The triumphant symphonic poem, which runs around eight minutes, is still a frequently performed favorite.
The program includes Shen Yun’s original compositions, as well as Sibelius’s “Finlandia,” Dvorak’s “New World Symphony,” and the “Butterfly Lovers Violin Concerto.”
Finnish History in 7 Parts
In 1899, Sibelius was asked to compose music for the “Press Celebrations” event.
Billed as an event to raise money for newspaper workers’ pensions, the intent was to finance a Finnish free press, rebelling against Russian censorship policies.
Sibelius composed a work of seven musical tableaux depicting the nation’s history, and intended to write music the Finnish would recognize as their own without resorting to imitating folk music.

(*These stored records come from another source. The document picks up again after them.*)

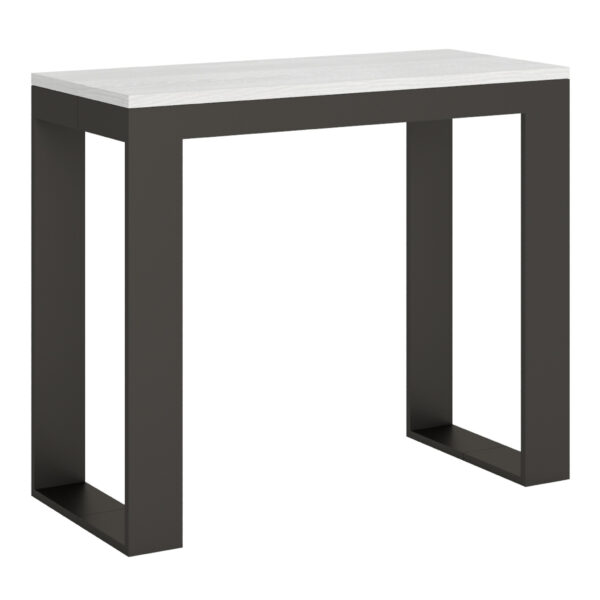 Consolle allungabile 90x40/196 cm Tecno Small Evolution bianco frassino
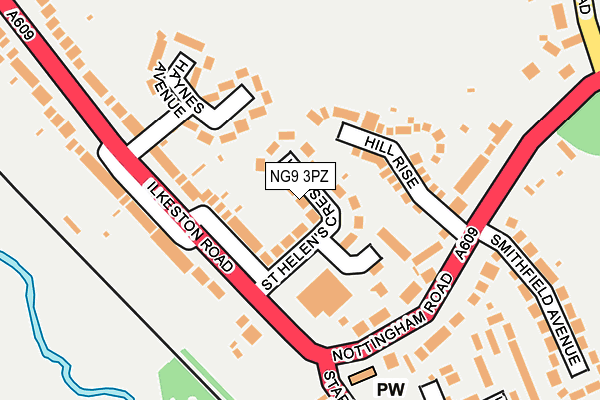 NG9 3PZ map - OS OpenMap – Local (Ordnance Survey)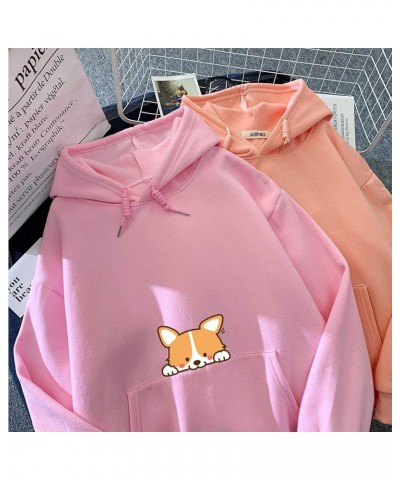 Cute Dog Corgi Printing and Solid Hoodie Cotton Warm Plush Sweatshirts for Women Pink $17.80 Hoodies & Sweatshirts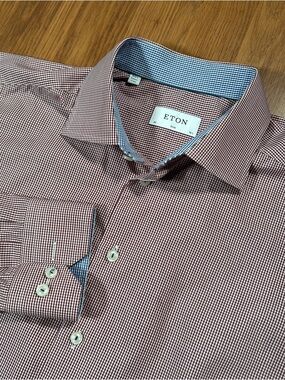 Eton Contemporary 16.5 42 Red Blue Gingham Dress Shirt Sweden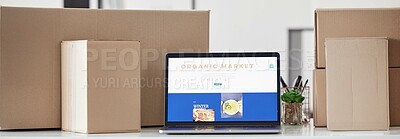 Buy stock photo Online shopping menu, laptop screen or delivery boxes of food order, restaurant webdesign or ecommerce service. About us, organic market homepage or nutrition choice, package or supply chain shipping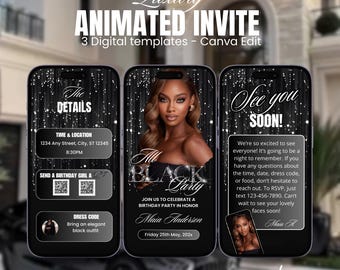 All Black Party Glam Birthday Invitation,All Black Affair Invitation,Glam Luxury Invitation,Black Birthday Dinner Invitation,Text Invitation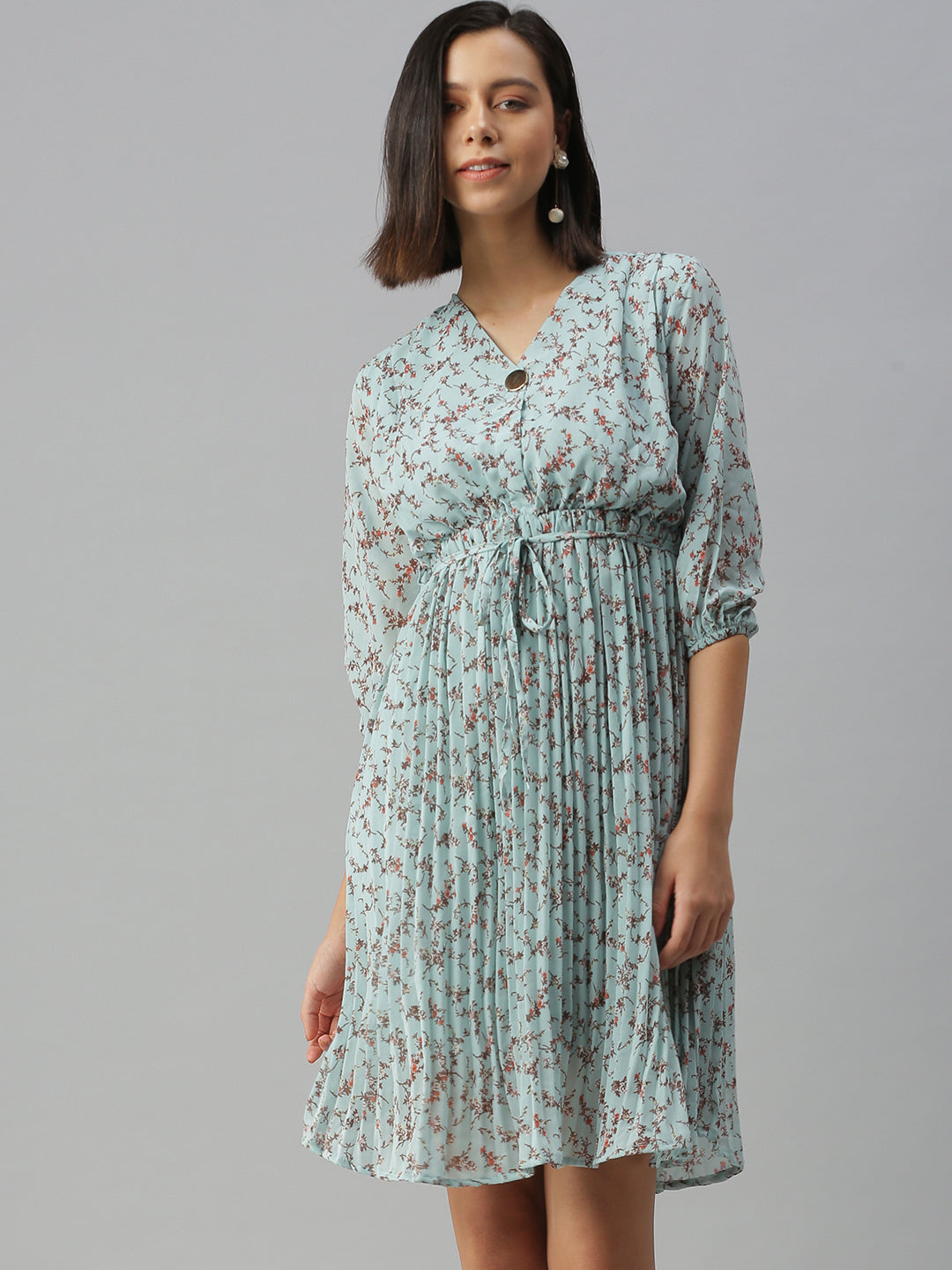 Women's V-Neck Printed Fit and Flare Blue Dress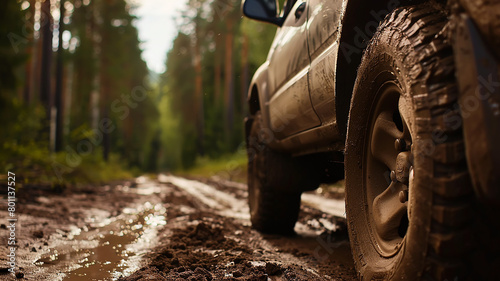 Off-road wheels, car driving off-road in the forest, close-up on mud wheels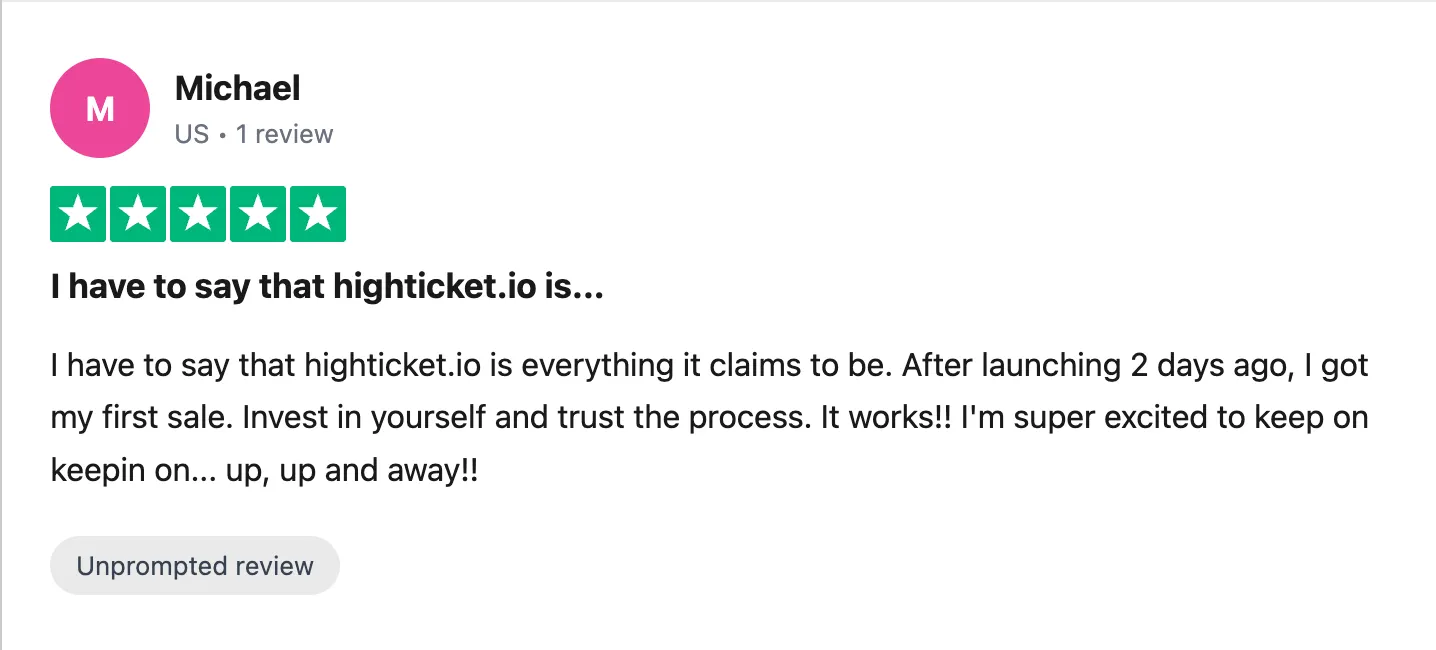 Trustpilot review — Michael (#5)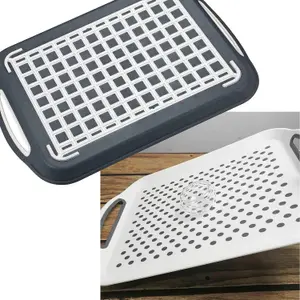 2 x Anti-Slip Plastic Serving Tray Non-Slip Rubber Surface/Bottom - White & Grey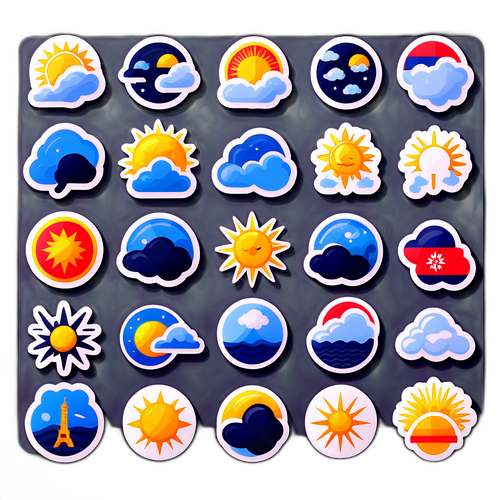 기상 기호 컬렉션 스티커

“I would not wish to tell a lie in art,” he wrote to his wife, Aino. “But I think I am now on the right path. I now grasp those Finnish, purely Finnish tendencies in music less realistically but more truthfully than before.”
It began with a prelude, then a tableau titled “The Song of Väinämöinen,” the demigod hero of the Finnish epic Kalevala. The second tableau, “The Finns are Baptized by Bishop Henry,” depicts the introduction of Christianity to Finland as far back as the eighth century. The third tableau, “Scene from Duke Johan’s Court,” references the ruler of Finland in the late 1500s. The fourth section, “The Finns in the Thirty Years’ War,” touches on one of the longest conflicts in European history.

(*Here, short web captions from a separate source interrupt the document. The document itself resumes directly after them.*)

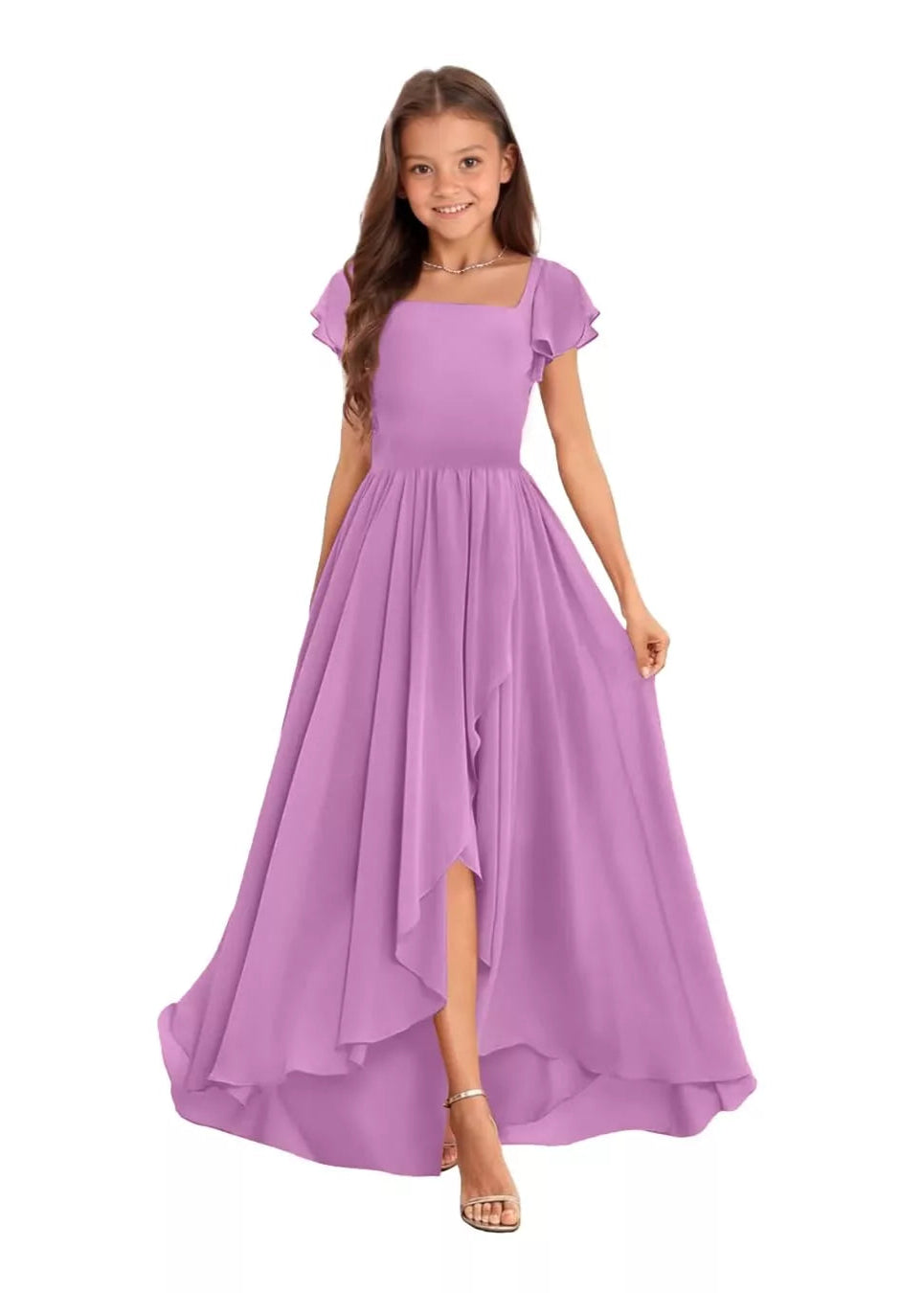 Elegant Square Neck Chiffon Maxi Dress-[Purple]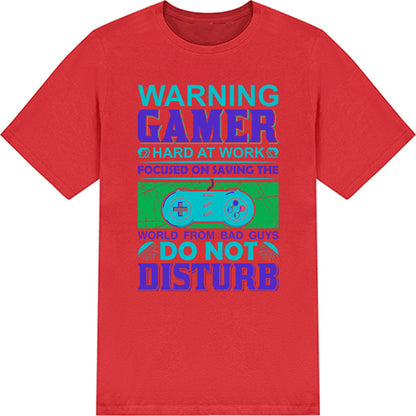 Warning: Gamer Hard at Work T-Shirt | Premium Gaming Gear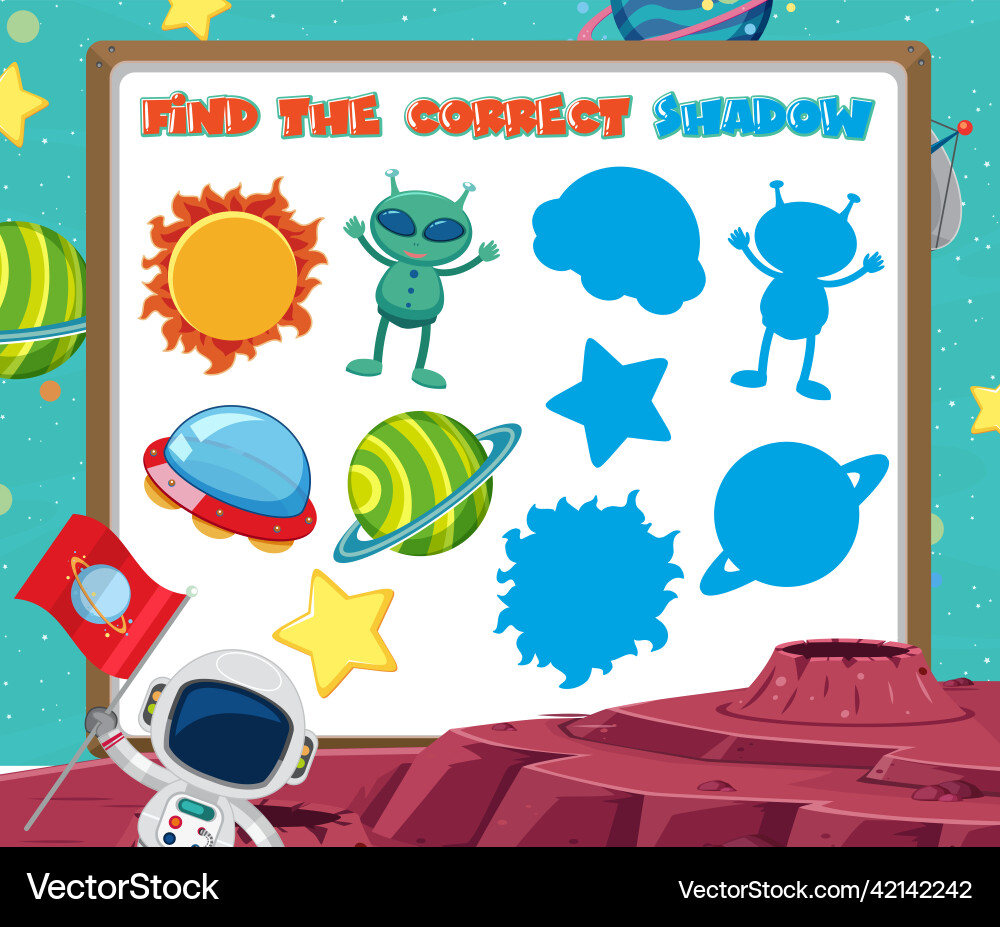 Find the correct shadow game template of space Find the correct shadow game template of space vector image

The penultimate piece, “The Great Hostility,” referenced Russian domination of Finland, preceding the triumphant ending, “Finland Awakes.”

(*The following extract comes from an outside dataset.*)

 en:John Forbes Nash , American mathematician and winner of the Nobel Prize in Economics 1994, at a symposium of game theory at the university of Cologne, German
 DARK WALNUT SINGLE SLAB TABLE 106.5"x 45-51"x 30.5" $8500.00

The last piece proved too patriotic to advertise at the time and was performed under names like “A Scandinavian Choral March” and “Impromptu” to escape Russian policing.
The work was immensely popular, and a year later, inspired by anonymous fan letters, Sibelius reworked the last two sections into a separate piece titled “Finlandia.”
Song of Triumph
“Finlandia” begins in an ominous mood, the low brass procession symbolizing the hardships and pressure Finland endured. The dark atmosphere soon gives way to a solemn but hopeful melody in the woodwinds, later echoed by the strings and the rest of the orchestra as the music becomes increasingly triumphant and fanfare-like in the middle “motif of victory” section.
Sibelius was reportedly inspired by views of the Aulanko region’s trees and serene lake. The music is, at times, stately, march-like, and, at other times, almost sacred. Listeners far from Finland resonate with the sense of patriotism and liberty the music evokes.
The piece was debuted by the Helsinki Philharmonic, which took it across Europe on tour, all the way to the World Exposition held in Paris that year.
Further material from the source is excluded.